Effect of Basic Amino Acids on Folic Acid Solubility

Abstract

To prevent neural tube defects and other cardiovascular diseases in newborns, folic acid (FA) is recommended in pregnant women. A daily dose of 600 µg FA consumption is widely prescribed for women during pregnancy and 400 µg for women with childbearing potential. FA is a class IV compound according to the Biopharmaceutics Classification System (BCS) due to its low permeability (1.7 × 10^-6 cm/s) and low solubility (1.6 mg/L); therefore, it must be administered via a formulation that enhances its solubility. Studies reported in the literature have proved that co-amorphization and salt formation of a poorly soluble drug with amino acids (AA) can significantly increase its solubility. Although arginine has been used with FA as a supplement, there is no information on the effect of basic AA (arginine and lysine) on the physical and chemical properties of FA-AA binary formulations. The present study implemented a conductimetric titration methodology to find the effective molar ratio to maximize FA solubility. The results showed that a 1:2.5 FA:AA molar ratio maximized solubility for arginine and lysine. Binary formulations were prepared using different methods, which led to an amorphous system confirmed by the presence of a glass transition, broad FTIR bands, and the absence of an X-ray diffraction pattern. Results of FA:AA (1:2.5) solubility increased in the range of 5500-6000 times compared with pure FA. In addition to solubility enhancement, the binary systems presented morphological properties that depend on the preparation method and whose consideration could be strategic for scaling purposes.

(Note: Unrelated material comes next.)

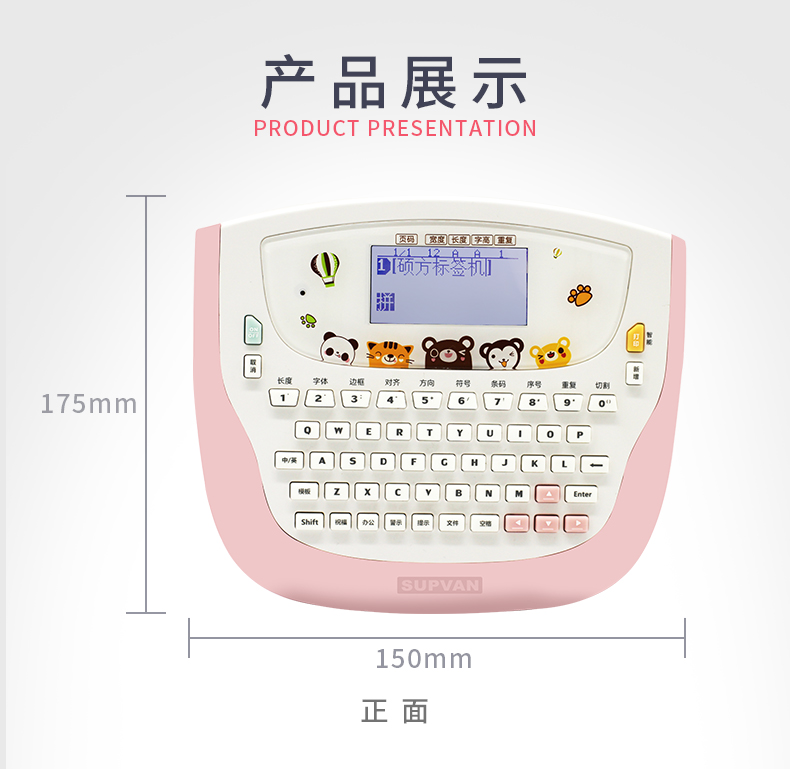 碩方H612P便攜家用迷你標(biāo)簽機(jī)_小粉標(biāo)簽機(jī)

Keywords: amino acids; amorphous drug; arginine; ball milling; conductimetry; folic acid; lysine; solubility.

Figure 1

Folic acid structure.

Figure 2

Arginine and lysine structures.

Figure 3

(a,b) potentiometric titration of FA with lysine (Lys) and arginine (Arg) and numerical second derivative of pH (red dashed line), respectively (c,d) conductimetric titration of FA with a concentrated solution of ARG and LYS, respectively; the extrapolation dashed lines cross at the molar ratio of maximum conductivity.

Figure 4

X-ray diffraction of pure components and formulations of (a) arginine and (b) lysine pure components along with the physical mixtures (CPM), amorphous by solvent evaporation (ASE), and the ball milled (BM). For comparative purposes, each diffraction pattern is normalized with respect to its maximum intensity.

Figure 5

Infrared spectra of different FA formulations and pure components, (a) the FA:LYS systems and (b) the FA: ARG systems, are shown and obtained with Perkin Elmer spectrometer model Spectrum 100.

Figure 6

Comparison of solubilities in water of different formulations, with error bars (n = 3), the increment of solubility in comparison with FA alone is above bars. A one-way ANOVA analysis demonstrated that the difference between all media of all FA formulations was not significant with a p-value of 0.014; no matter the different changes in their crystal structure, the solubility of FA has proven not to change significantly. This could be attributed to other unseen root causes.

Figure 7

Thermograms for the FA formulations. The solvent evaporation formulations produce amorphous materials with defined onset glass transitions: 51 °C for FA-LYS ASE and 58 °C for the FA-ARG ASE. In the case of the ball-milled formulations, FA-LYS BM and FA-ARG BM, no clear onset can be determined.

Figure 8

SEM images of the crystalline physical mixture (CPM) of (a) FA-LYS and (b) FA-ARG, amorphous salt by solvent evaporation (AES), (c) FA-LYS and (d) FA-ARG, and amorphous by ball milling (BM) (e) FA-LYS and (f) FA-ARG.